Research indicates summer jobs for youths help to reduce violence and reckless behavior such as alcohol, drug use, and other misconduct.
“Teenagers who acquire summer jobs are less likely to engage in violence, according to a new study unveiled by Boston’s Mayor Thomas Menino,” said The Crime Report.
The study was done at Northeastern University’s Center for Labor Market, the Boston Globe reported.
Research
The research assessed 22 negative social behaviors considered risky or deviant. “Researchers recorded net improvements in behavior over the course of the summer in 19 of the 22 areas examined,” said The Crime Report.
Using confidential questionnaires, about 400 adolescents and teenagers who found work last summer through a violence prevention program were polled regarding their behavior before and after employment.
“Summer jobs help us reduce violence in the city,” said Mayor Menino. “It gives the kids hope, gives them an opportunity they never had.”
The Globe reported that Northeastern professor Andrew Sum said less than one percent of the youth that found employment reported harming or threatening to harm someone with a firearm one month prior to his or her employment.
According to the Globe, Professor Sum said 15 percent of the youths had a fight the month before starting their jobs.
When the jobs ended, less than 8 percent of the youths reported being involved in a fight in the last 30 days, the Globe reported.
“The biggest differences in behavior change between the participants and comparison group involved using alcohol, selling or using drugs, picking on others by chasing them, spreading false rumors or lies about others, and not listening to ones parents,” researchers wrote in The Crime Report.
Sum said the reduction in violence is “very significant,” and that the summer jobs program helped the youths to find work in the fall, demonstrating the need of jobs for low-income youth.
“This important research settles questions about whether we should address high youth unemployment in our highest crime areas,” said Emmett Folgert, executive director of the Dorchester Youth Collaborative.
Crime Report
The Crime Report said the University of Chicago Crime Lab (UCCL) conducted its own study on at-risk youth participation in a Chicago summer job program joined with a cognitive behavioral therapy-based program producing similar results.
“The findings of the Chicago study mirror a recent study of the affects of summer employment on Boston youth,” said The Crime Report.
The UCCL study “experienced a 51 percent drop in arrests for violent crime” according to its study, reported The Crime Report.
Study
The study tracked some 700 youths, ages 14 to 21, who were picked as participants in One Summer Plus (OSP), in 2012. OSP provides at-risk, violent youth with jobs, mentoring, and therapy.
The youth “showed an enormous proportional drop in violent-crime arrests after seven post-program months (3.7 fewer arrests per 100 participants, a 51 percent decline),” The Crime Report reported.
The Chicago researchers said it is too soon to do a cost-benefit analysis, but if the results continue, program benefits may “outweigh the cost, based on a reduction in violence.”

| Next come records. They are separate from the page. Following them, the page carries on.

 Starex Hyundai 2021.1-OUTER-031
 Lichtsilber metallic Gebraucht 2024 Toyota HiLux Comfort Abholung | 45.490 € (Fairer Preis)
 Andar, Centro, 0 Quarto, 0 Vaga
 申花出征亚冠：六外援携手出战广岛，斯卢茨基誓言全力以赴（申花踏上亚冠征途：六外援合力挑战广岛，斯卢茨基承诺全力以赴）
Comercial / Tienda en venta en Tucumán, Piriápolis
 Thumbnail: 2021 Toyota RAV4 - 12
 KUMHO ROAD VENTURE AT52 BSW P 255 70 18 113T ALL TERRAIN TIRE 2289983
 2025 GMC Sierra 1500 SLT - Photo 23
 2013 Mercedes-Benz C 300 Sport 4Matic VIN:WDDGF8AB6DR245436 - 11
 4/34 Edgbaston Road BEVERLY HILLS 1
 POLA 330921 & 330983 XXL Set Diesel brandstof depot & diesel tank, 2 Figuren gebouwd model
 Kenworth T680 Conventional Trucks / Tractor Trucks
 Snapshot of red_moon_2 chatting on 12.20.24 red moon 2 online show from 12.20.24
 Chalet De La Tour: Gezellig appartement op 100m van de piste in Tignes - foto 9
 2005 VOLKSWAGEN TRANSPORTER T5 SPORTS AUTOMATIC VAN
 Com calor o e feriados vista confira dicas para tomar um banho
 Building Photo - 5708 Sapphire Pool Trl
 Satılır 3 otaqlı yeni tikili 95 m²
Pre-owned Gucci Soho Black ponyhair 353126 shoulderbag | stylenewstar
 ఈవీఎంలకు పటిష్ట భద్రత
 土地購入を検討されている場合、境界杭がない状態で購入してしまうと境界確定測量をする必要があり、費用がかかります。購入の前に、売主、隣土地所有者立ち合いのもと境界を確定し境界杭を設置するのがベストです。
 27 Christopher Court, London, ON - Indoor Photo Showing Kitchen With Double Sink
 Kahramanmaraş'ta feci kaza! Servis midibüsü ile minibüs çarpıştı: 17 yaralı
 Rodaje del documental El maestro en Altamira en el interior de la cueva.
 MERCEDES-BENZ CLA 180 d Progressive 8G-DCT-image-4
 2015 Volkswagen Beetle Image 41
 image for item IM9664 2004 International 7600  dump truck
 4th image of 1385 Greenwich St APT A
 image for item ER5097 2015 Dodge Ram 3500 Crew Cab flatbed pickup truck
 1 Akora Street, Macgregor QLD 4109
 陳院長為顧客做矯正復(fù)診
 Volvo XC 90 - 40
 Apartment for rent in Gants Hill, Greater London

The program director at the Boston Ten Point Coalition, Rufus J. Faulk, said job programs should be “a 365-day a year priority,” and that focus should be on at-risk youths, as well as on students who standout in positive ways.
“We want to keep kids safe and engaged,” said John J. Drew, president and chief executive officer of Action for Boston Community Development, a nonprofit organization that has also assisted Sum’s researchers. “We know that hot summer days can stir unrest in city streets.”